### GIVEN ENTRIES ###
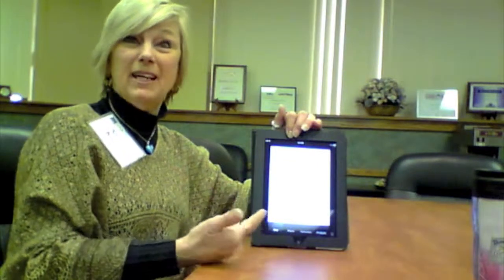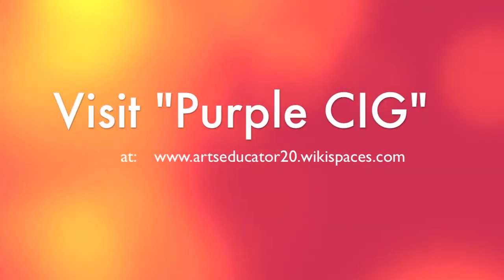One of the kids found this and said, 'Hey, did you see this? This is kind of cool.' This is how you put your mentor on the screen while you're listening to the music.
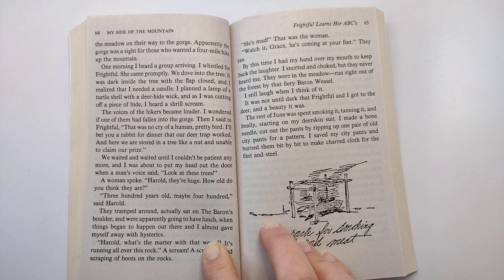We waited and waited until I couldn't be patient anymore, and I was about to put my head out the door when a man's voice said, 'Look at these trees.' A woman spoke: 'Harold, they're huge. How old do you think they are?' 'Three hundred years old, maybe four hundred,' said Harold. They tramped around, actually sat on the baron's boulder, and were apparently going to have lunch, when things began to happen out there, and I almost gave myself away with hysterics.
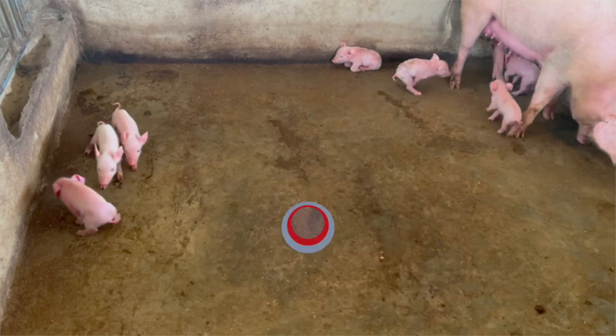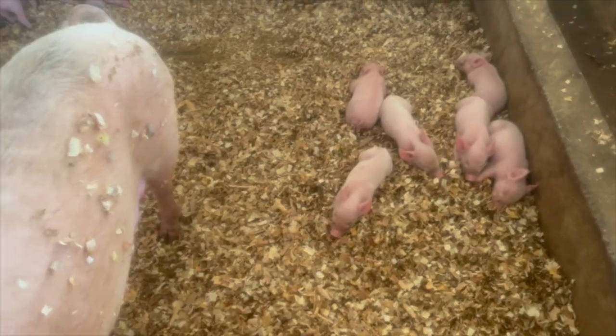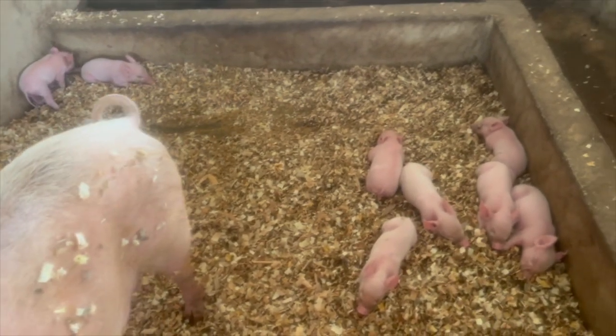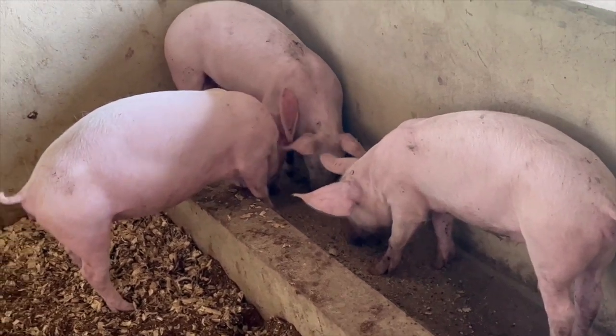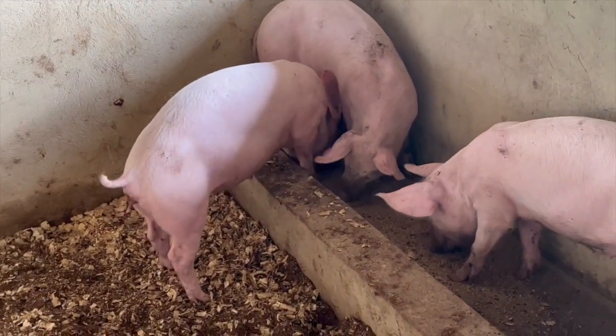The reason we got this device is simple. According to our data, we are supposed to have had more piglets than we have right now. We have about two or three pigs that are always playing hide and seek with their pregnancy — you cross them, they give early signs of successful crossing, they show signs of pregnancy, sometimes their bellies even look bigger, but then a few months down the line you realize they were not actually pregnant.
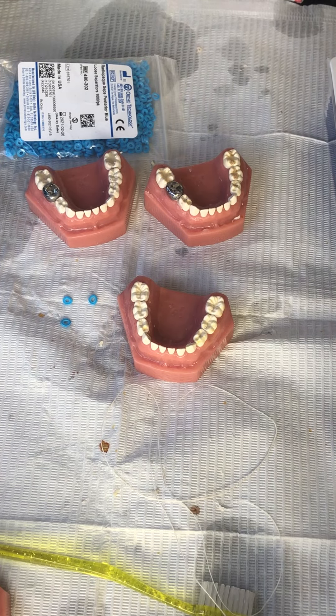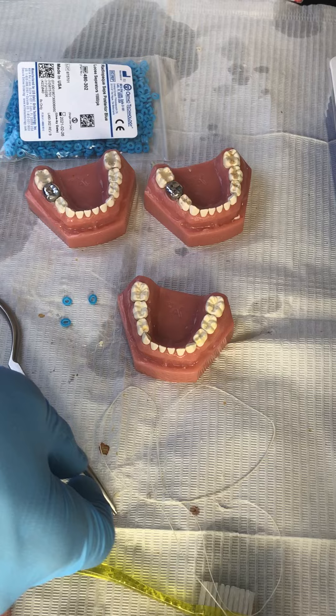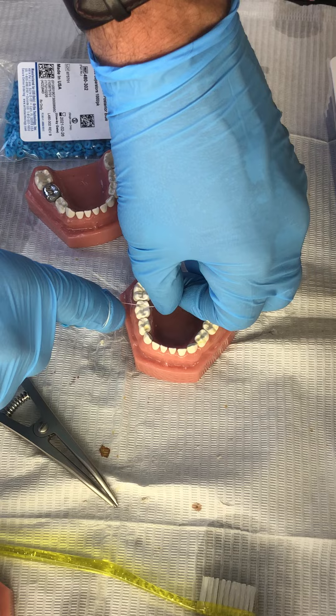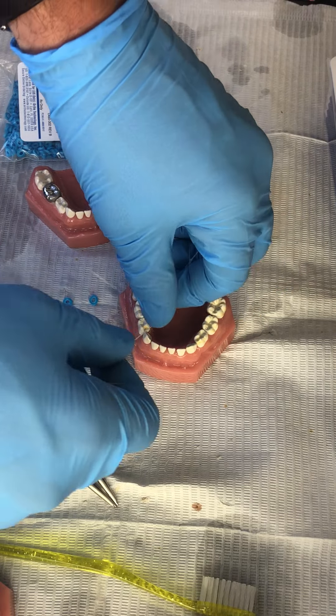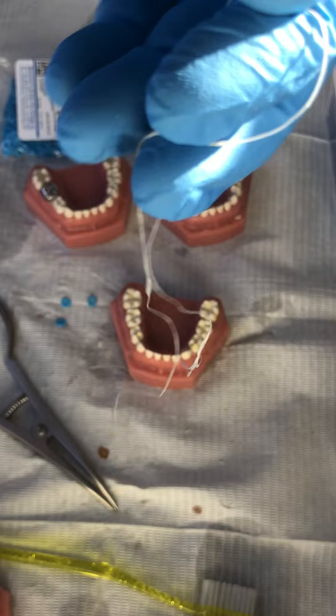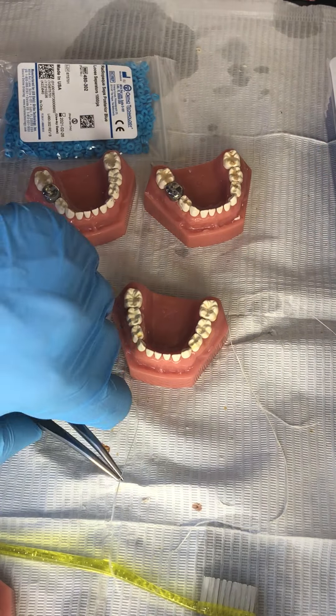Hey friends! When you're placing a Hall Technique stainless steel crown, sometimes the teeth are too tight together to just apply the crown directly. You want to test that by flossing between the teeth and getting a feel. If the teeth are really tight together from your floss, you probably want to put a separator in and have the patient back three to seven days later.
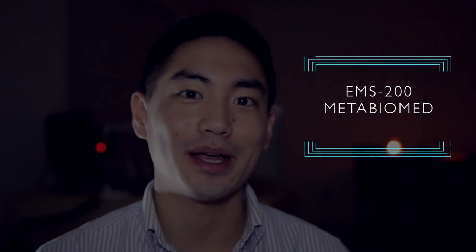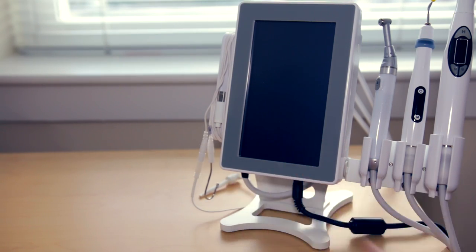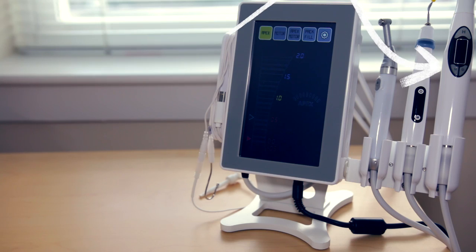Hello everyone. Today I want to demonstrate how I typically complete a root canal from start to finish using the EMS 200 by Metabiomet. I really like this equipment — it's all-in-one, so it includes the apex locator, the motor, the heat source, along with the obturation devices. It's only made possible to do this in my apartment because of its portability and ease of use.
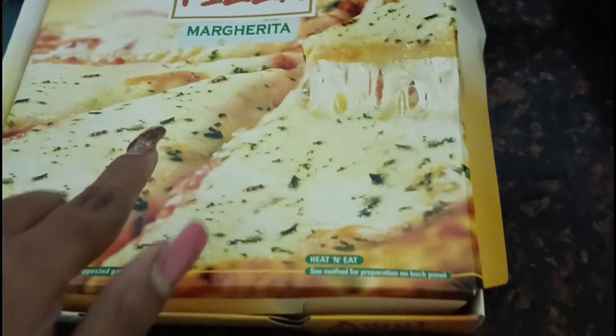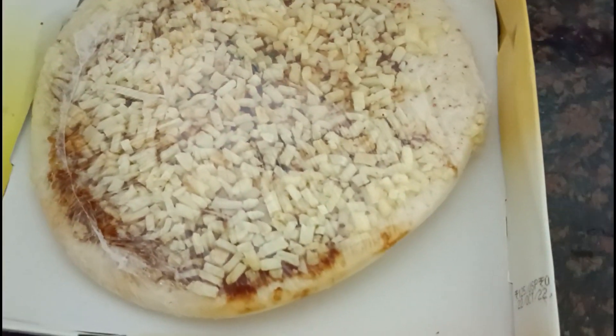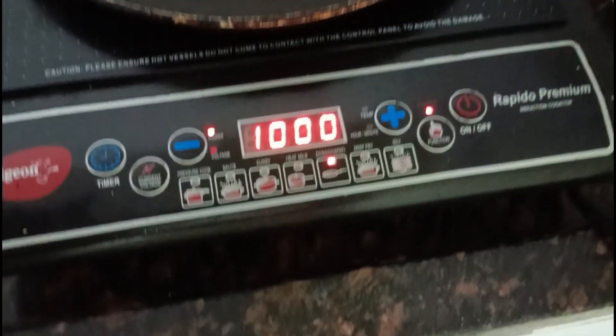So today I am going to try this. First time I am making it, I don't know how it will look like. As per instruction, we have to preheat a little bit.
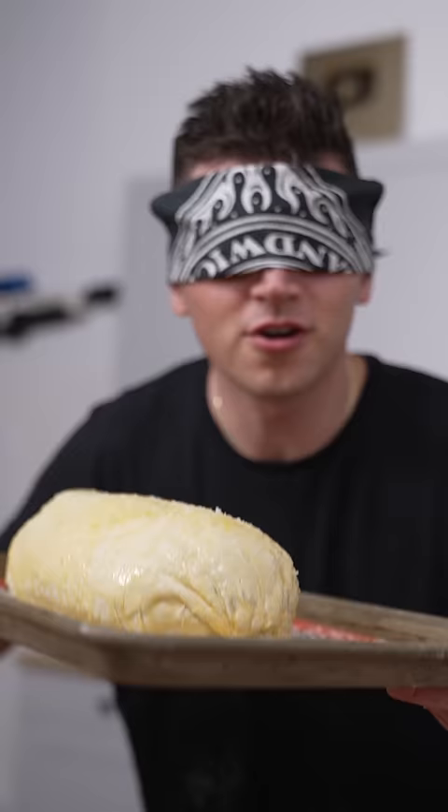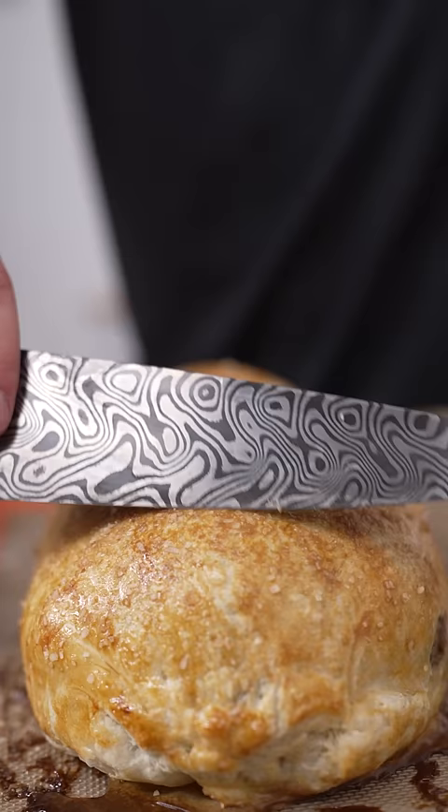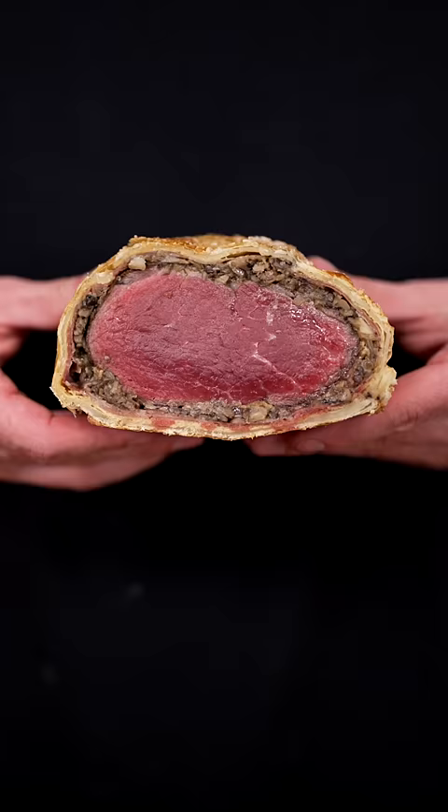Make this at 400 Fahrenheit till beautiful golden brown. I think we have the perfect Wellington. And now for the moment of truth — there you have the perfect beef Wellington. I might just cook blindfolded from now on.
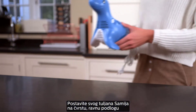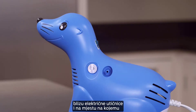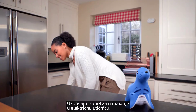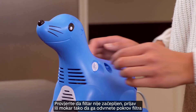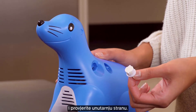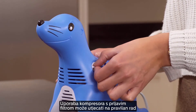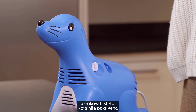Place your Sammy the Seal unit on a firm, flat surface near an electrical outlet and in an area where your child can be seated comfortably during their treatment. Plug the power cord into the electrical outlet. Check that the filter is not clogged, dirty, or wet by unscrewing the filter cover and inspecting the filter inside. Operating the unit with a dirty filter can impair proper operation and cause damage that is not covered by the warranty.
###
Output each record above exactly as written. Skip any pictures.

| RESULT OF THE EXERCISE |
One of the kids found this and said, 'Hey, did you see this? This is kind of cool.' This is how you put your mentor on the screen while you're listening to the music.
We waited and waited until I couldn't be patient anymore, and I was about to put my head out the door when a man's voice said, 'Look at these trees.' A woman spoke: 'Harold, they're huge. How old do you think they are?' 'Three hundred years old, maybe four hundred,' said Harold. They tramped around, actually sat on the baron's boulder, and were apparently going to have lunch, when things began to happen out there, and I almost gave myself away with hysterics.
The reason we got this device is simple. According to our data, we are supposed to have had more piglets than we have right now. We have about two or three pigs that are always playing hide and seek with their pregnancy — you cross them, they give early signs of successful crossing, they show signs of pregnancy, sometimes their bellies even look bigger, but then a few months down the line you realize they were not actually pregnant.
Hey friends! When you're placing a Hall Technique stainless steel crown, sometimes the teeth are too tight together to just apply the crown directly. You want to test that by flossing between the teeth and getting a feel. If the teeth are really tight together from your floss, you probably want to put a separator in and have the patient back three to seven days later.
Hello everyone. Today I want to demonstrate how I typically complete a root canal from start to finish using the EMS 200 by Metabiomet. I really like this equipment — it's all-in-one, so it includes the apex locator, the motor, the heat source, along with the obturation devices. It's only made possible to do this in my apartment because of its portability and ease of use.
So today I am going to try this. First time I am making it, I don't know how it will look like. As per instruction, we have to preheat a little bit.
Make this at 400 Fahrenheit till beautiful golden brown. I think we have the perfect Wellington. And now for the moment of truth — there you have the perfect beef Wellington. I might just cook blindfolded from now on.
Place your Sammy the Seal unit on a firm, flat surface near an electrical outlet and in an area where your child can be seated comfortably during their treatment. Plug the power cord into the electrical outlet. Check that the filter is not clogged, dirty, or wet by unscrewing the filter cover and inspecting the filter inside. Operating the unit with a dirty filter can impair proper operation and cause damage that is not covered by the warranty.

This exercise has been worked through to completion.